Grant number: 20/00433-8
Support type:Regular Research Grants
Duration: March 01, 2021 - February 28, 2022
Field of knowledge:Biological Sciences - Parasitology - Protozoology of Parasites
Cooperation agreement: Swedish Research Council (VR)
Mobility Program: SPRINT - Projetos de pesquisa - Mobilidade
Principal researcher:Marcelo Urbano Ferreira
Grantee:Marcelo Urbano Ferreira
Principal researcher abroad: José Pedro Blanco Panadés Gil
Institution abroad: Karolinska Institutet, Sweden
Home Institution: Instituto de Ciências Biomédicas (ICB). Universidade de São Paulo (USP).

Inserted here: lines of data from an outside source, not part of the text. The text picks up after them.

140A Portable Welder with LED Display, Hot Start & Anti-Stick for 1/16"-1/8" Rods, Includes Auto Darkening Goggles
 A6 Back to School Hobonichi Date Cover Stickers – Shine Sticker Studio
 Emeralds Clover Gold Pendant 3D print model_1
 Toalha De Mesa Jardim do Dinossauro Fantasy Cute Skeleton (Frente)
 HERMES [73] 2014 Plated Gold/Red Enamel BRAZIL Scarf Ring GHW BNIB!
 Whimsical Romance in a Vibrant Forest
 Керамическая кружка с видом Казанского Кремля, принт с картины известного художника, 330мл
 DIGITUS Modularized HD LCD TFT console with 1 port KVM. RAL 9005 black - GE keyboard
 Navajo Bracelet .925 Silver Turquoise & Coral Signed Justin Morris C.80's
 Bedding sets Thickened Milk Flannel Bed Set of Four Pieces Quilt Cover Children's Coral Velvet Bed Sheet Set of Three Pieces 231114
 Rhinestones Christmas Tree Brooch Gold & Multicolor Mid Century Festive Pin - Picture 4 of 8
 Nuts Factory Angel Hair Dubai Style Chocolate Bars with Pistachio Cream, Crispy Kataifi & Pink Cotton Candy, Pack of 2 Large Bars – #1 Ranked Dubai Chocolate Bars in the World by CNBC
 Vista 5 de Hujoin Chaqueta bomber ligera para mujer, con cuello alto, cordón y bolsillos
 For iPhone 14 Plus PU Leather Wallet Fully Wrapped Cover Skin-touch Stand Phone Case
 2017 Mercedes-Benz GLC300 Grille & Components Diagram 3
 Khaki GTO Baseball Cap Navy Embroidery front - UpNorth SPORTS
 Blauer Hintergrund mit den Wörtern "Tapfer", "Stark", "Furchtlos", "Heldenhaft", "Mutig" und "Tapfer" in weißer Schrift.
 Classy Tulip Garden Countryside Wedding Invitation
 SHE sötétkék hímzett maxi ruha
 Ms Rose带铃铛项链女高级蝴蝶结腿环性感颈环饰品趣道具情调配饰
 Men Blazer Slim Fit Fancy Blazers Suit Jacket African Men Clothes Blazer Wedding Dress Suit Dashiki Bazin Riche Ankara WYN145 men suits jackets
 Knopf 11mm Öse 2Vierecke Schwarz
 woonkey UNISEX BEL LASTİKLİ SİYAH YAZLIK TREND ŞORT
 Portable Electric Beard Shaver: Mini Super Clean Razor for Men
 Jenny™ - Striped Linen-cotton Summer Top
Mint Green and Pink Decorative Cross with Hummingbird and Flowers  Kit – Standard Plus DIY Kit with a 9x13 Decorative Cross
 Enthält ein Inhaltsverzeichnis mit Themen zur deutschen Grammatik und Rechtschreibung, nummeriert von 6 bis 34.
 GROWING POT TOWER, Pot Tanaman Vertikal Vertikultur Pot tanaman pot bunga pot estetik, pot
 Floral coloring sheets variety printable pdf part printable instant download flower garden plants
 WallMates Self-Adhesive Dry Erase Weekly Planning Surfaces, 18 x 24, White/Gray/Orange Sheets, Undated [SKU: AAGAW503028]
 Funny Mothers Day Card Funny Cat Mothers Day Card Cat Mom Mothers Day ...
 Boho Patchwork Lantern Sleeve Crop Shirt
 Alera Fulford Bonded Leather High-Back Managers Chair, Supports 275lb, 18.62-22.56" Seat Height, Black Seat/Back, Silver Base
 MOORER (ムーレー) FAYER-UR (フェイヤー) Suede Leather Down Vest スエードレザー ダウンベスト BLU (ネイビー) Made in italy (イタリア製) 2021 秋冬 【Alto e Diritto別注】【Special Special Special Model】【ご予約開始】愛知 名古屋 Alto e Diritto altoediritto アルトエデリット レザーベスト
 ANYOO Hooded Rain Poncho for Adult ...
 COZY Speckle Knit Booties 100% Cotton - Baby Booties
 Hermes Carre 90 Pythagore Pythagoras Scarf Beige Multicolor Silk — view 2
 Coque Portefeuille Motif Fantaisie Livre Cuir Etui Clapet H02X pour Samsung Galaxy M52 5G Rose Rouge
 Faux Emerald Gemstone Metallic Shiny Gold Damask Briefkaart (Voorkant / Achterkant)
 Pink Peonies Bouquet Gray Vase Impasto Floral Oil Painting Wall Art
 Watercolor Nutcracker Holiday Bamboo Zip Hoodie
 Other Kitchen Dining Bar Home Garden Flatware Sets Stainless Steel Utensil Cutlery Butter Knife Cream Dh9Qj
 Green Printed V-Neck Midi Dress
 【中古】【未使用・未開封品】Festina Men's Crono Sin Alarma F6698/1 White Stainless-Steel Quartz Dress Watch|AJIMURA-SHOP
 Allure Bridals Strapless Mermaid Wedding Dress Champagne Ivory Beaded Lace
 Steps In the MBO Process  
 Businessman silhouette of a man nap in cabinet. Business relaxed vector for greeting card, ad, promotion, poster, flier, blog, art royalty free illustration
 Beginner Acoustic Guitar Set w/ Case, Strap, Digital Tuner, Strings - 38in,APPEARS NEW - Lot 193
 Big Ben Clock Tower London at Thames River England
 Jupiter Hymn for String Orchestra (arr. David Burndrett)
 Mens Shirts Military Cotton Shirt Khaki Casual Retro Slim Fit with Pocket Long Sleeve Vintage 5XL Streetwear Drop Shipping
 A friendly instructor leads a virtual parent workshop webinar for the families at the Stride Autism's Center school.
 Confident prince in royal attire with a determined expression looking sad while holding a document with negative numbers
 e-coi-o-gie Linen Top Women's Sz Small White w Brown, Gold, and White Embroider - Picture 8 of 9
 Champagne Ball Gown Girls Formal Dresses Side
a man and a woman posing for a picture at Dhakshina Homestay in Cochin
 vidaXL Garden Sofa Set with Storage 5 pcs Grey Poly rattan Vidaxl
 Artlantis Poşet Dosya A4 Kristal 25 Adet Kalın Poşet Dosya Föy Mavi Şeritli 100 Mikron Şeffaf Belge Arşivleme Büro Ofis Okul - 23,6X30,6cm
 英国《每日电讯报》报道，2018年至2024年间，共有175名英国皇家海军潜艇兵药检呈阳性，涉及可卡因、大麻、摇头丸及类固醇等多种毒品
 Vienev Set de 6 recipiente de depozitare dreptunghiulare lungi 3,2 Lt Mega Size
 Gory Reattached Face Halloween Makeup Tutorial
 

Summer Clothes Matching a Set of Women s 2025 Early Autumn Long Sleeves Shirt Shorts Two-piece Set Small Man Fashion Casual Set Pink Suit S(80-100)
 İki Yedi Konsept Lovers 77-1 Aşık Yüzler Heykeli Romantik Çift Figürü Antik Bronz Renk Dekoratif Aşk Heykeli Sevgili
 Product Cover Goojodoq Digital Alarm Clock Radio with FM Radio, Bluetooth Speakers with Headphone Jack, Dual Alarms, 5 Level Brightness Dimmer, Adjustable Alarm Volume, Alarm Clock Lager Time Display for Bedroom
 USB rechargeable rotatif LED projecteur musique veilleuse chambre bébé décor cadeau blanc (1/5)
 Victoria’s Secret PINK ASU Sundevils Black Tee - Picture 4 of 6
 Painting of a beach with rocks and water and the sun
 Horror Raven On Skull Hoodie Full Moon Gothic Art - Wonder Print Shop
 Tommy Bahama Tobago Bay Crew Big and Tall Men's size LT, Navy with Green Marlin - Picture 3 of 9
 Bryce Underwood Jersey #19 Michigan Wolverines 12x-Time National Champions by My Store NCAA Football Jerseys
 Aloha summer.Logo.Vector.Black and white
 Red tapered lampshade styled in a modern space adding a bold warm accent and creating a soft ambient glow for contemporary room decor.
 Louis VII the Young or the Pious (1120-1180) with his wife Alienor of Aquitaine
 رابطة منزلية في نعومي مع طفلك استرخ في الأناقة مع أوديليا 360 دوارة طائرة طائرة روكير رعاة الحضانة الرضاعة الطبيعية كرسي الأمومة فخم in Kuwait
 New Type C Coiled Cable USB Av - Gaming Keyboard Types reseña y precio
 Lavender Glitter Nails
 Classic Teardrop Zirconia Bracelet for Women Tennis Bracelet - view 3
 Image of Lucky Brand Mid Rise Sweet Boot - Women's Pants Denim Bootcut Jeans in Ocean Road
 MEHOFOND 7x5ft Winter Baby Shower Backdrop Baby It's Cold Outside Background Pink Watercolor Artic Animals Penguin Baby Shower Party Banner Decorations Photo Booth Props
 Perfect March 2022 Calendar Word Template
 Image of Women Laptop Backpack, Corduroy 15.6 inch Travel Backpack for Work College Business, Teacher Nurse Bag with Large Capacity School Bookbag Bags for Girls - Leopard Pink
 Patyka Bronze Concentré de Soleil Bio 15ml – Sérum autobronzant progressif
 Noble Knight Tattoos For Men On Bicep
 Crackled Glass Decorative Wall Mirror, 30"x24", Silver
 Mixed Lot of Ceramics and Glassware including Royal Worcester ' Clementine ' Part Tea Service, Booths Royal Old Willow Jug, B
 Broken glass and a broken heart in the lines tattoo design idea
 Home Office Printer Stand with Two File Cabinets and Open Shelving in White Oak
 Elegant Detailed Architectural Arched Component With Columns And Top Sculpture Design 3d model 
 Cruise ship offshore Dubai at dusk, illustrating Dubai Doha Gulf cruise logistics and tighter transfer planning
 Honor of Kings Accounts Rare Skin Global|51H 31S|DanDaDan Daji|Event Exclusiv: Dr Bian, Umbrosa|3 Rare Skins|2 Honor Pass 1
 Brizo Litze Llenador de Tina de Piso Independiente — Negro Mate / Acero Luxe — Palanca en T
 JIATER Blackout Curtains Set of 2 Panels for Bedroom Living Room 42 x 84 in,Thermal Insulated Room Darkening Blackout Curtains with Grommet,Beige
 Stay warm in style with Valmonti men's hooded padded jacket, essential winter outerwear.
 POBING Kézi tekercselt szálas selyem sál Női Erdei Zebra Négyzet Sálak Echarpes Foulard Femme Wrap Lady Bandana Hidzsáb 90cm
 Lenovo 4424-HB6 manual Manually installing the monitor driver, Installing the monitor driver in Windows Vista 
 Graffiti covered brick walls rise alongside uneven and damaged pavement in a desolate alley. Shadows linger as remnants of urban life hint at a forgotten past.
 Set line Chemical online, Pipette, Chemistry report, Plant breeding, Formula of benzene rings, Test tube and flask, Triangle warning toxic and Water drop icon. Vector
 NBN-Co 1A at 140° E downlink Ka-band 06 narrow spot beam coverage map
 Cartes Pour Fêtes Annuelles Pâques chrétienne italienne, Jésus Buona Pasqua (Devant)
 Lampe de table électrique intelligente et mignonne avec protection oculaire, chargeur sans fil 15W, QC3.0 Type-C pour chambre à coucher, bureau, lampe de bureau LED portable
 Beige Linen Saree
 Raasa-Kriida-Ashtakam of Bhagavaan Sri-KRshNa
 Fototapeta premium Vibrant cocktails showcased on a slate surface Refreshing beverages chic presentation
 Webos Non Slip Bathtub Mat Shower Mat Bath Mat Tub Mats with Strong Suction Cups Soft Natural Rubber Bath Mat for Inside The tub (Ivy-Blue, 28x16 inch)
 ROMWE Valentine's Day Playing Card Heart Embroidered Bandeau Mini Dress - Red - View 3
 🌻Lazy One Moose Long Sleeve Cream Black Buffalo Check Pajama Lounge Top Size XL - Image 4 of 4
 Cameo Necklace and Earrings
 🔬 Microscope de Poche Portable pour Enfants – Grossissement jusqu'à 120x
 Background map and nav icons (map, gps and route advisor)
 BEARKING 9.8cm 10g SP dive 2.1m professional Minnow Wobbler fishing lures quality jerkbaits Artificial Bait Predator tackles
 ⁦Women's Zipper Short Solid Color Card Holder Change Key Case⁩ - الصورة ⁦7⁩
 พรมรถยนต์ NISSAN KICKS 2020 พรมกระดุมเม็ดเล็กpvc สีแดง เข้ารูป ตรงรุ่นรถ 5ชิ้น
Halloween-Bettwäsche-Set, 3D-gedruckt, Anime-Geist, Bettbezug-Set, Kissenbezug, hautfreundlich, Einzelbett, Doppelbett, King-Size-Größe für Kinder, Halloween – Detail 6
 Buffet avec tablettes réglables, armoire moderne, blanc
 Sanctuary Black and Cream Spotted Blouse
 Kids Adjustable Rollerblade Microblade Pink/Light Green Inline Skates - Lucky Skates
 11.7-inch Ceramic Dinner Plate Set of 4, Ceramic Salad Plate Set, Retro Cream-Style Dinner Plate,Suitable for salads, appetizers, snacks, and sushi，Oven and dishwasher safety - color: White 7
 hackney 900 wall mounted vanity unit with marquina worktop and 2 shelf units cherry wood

São Paulo , SP, Brazil
Assoc. researchers:Priscila Thihara Rodrigues
Associated research grant:16/18740-9 - Scientific bases for residual malaria elimination in the Brazilian Amazon, AP.TEM

Abstract

Drug resistance has been for more than a century the hallmark of Plasmodium falciparum. This capacity has driven its expansion worldwide, in particular during the long period of established chloroquine (CQ) resistance. P. vivax is the other species well established to be capable of evasion from antimalarial drug action. P. vivax drug resistance has been initially described against anti-folate antimalarials, through mutations in the pvdhfr and pvdhps genes, mirroring the mechanisms previously unveiled for P. falciparum. CQ resistance is also reported and a rising threat, including in South America. The involved mechanisms show some differences to P. falciparum. In P. vivax, the key gene seems to be pvmdr1, with pvcrt playing here a secondary role. Mixed P. falciparum/P.vivax infections are clinically managed with artemisinin combination therapy (ACT) worldwide. Hence, P. vivax is consequently frequently exposed to a range of ACT drugs beyond CQ and primaquine. Most importantly, proposals for the use of ACT as a mainstay for the management of CQ-R P. vivax infections are gaining momentum, in particular using dihydroartemisinin-piperaquine (DHA-PPQ). Unfortunately, at least P. falciparum seems highly efficient on fast developing resistance against this drug. From the first PPQ mass drug administration application in China in the early 1980s, this capacity has been lately showcased in the swift and spectacular collapse of DHA-PPQ upon large scale nation-wide implementation in Cambodia. The P. falciparum mechanism of piperaquine resistance has been robustly associated in Southeast Asia with increased copy number in the pfPM2 and pfPM3 genes, both coding for functionally overlapping plasmepsins. The question remains if P. vivax will follow a similar pattern. Here we characterize plasmepsine gene amplifications in Brazilian isolates of P. vivax and P. falciparum that have not been previously exposed to PPQ, providing an important clue as for the parasite capacity to develop PPQ resistance upon its local introduction. (AU)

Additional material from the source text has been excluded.